Work instructions. Take the lines below from the one with "River Thames apartments" through the one with "Lộ ảnh thử nghiệm" and print only them, exactly. Don't print the pictures.

Available records.
☆ ☆ ☆ ☆ ☆ ☆ ☆

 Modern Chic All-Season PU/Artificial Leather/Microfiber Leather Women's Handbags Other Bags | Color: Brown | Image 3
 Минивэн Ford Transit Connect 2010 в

☆ ☆ ☆ ☆ ☆ ☆ ☆

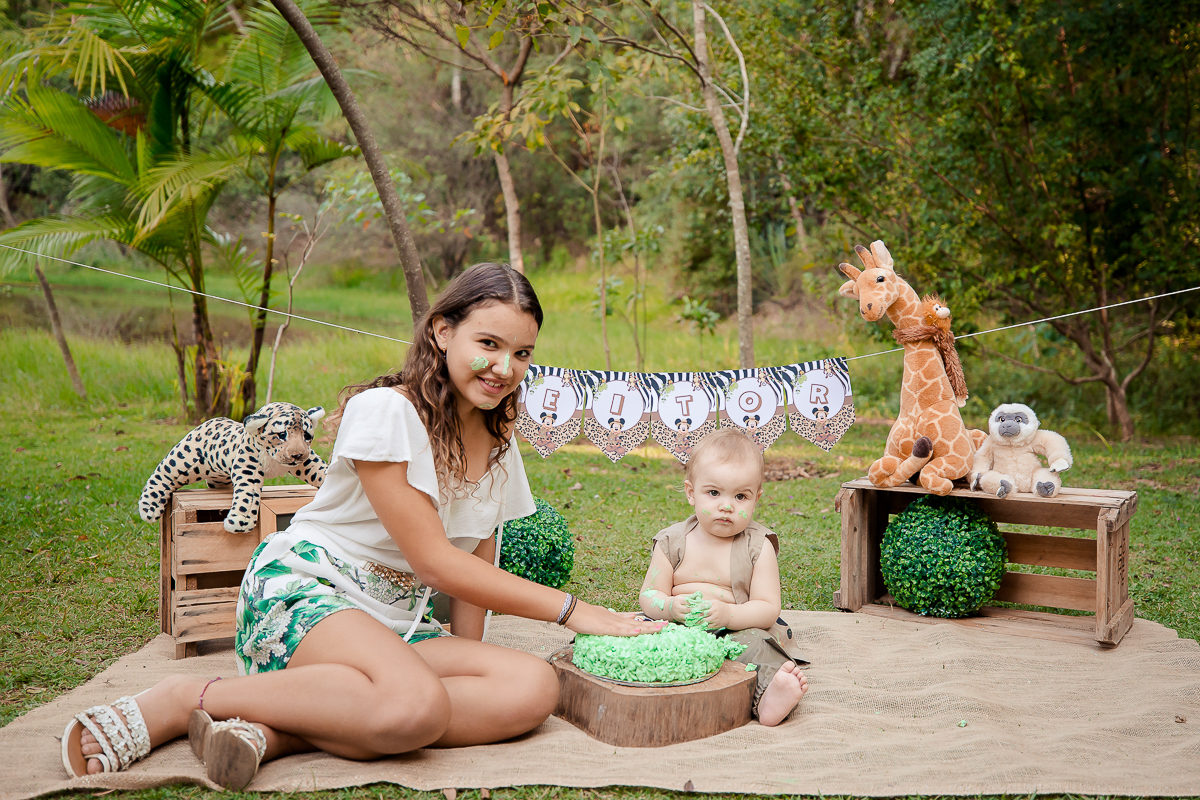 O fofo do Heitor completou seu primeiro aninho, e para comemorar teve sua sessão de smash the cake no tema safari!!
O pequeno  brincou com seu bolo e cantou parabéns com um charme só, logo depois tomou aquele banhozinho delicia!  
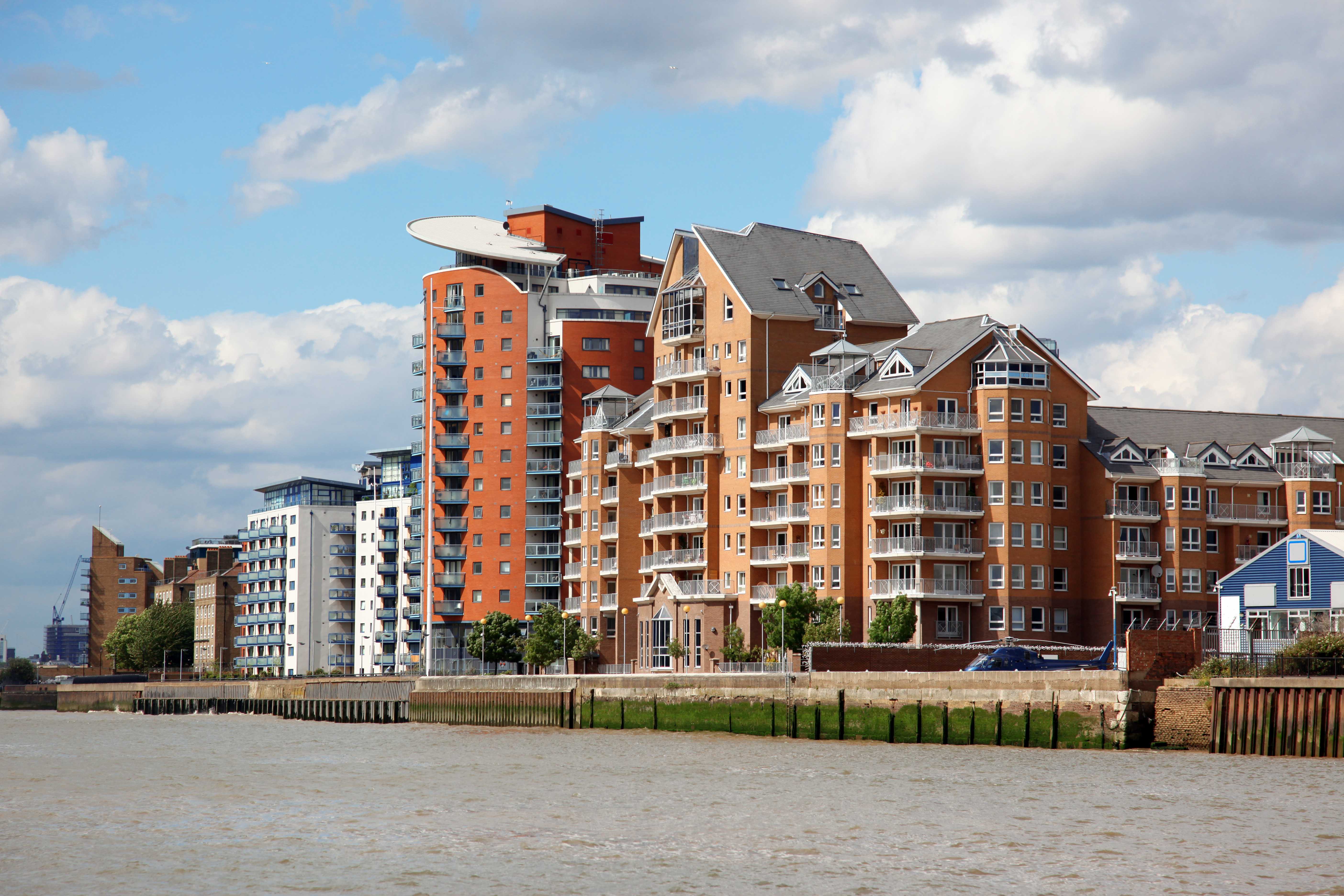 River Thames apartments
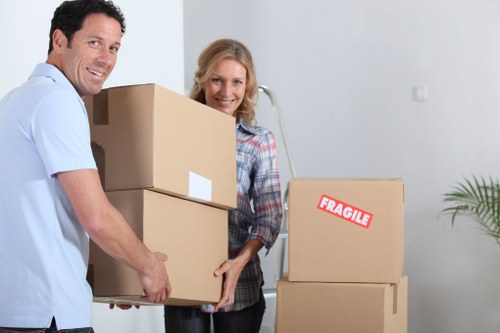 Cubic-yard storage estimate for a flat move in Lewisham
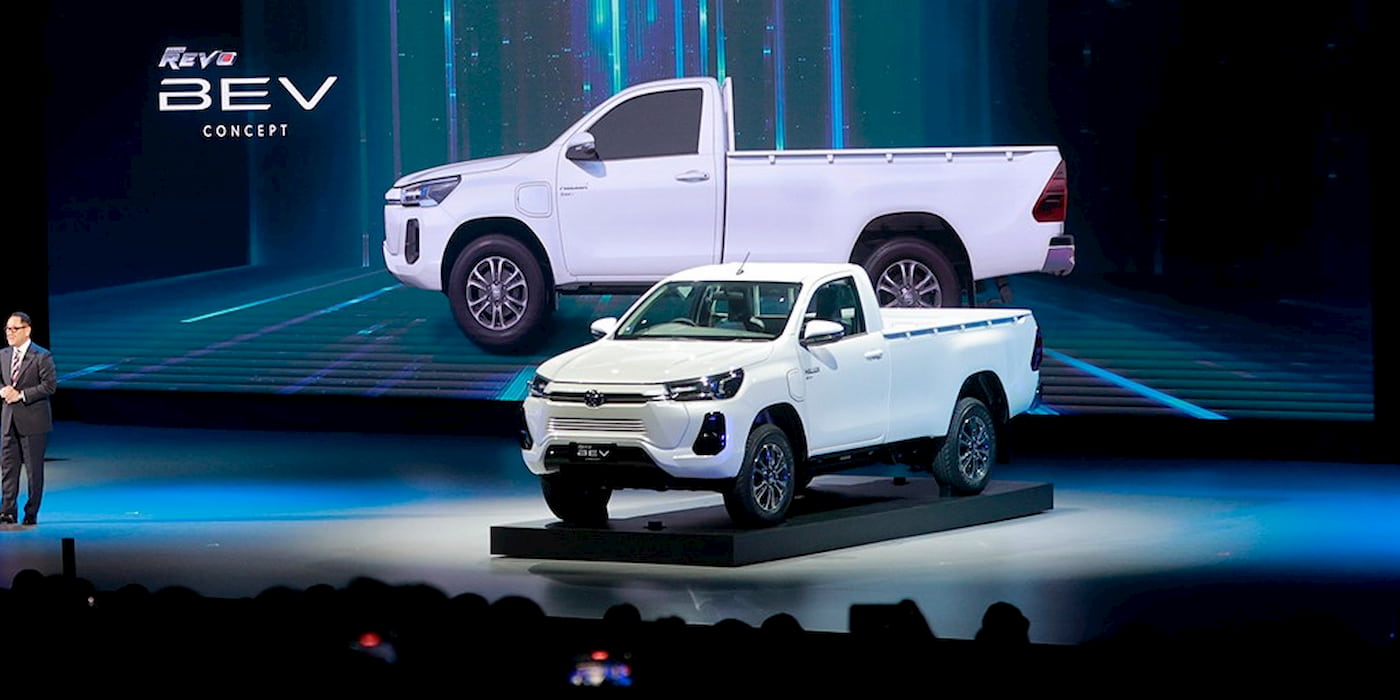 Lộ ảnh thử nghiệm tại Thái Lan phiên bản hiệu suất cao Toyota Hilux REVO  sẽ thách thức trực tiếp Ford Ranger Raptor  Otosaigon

☆ ☆ ☆ ☆ ☆ ☆ ☆

Task result.
 River Thames apartments
 Cubic-yard storage estimate for a flat move in Lewisham
 Lộ ảnh thử nghiệm tại Thái Lan phiên bản hiệu suất cao Toyota Hilux REVO  sẽ thách thức trực tiếp Ford Ranger Raptor  Otosaigon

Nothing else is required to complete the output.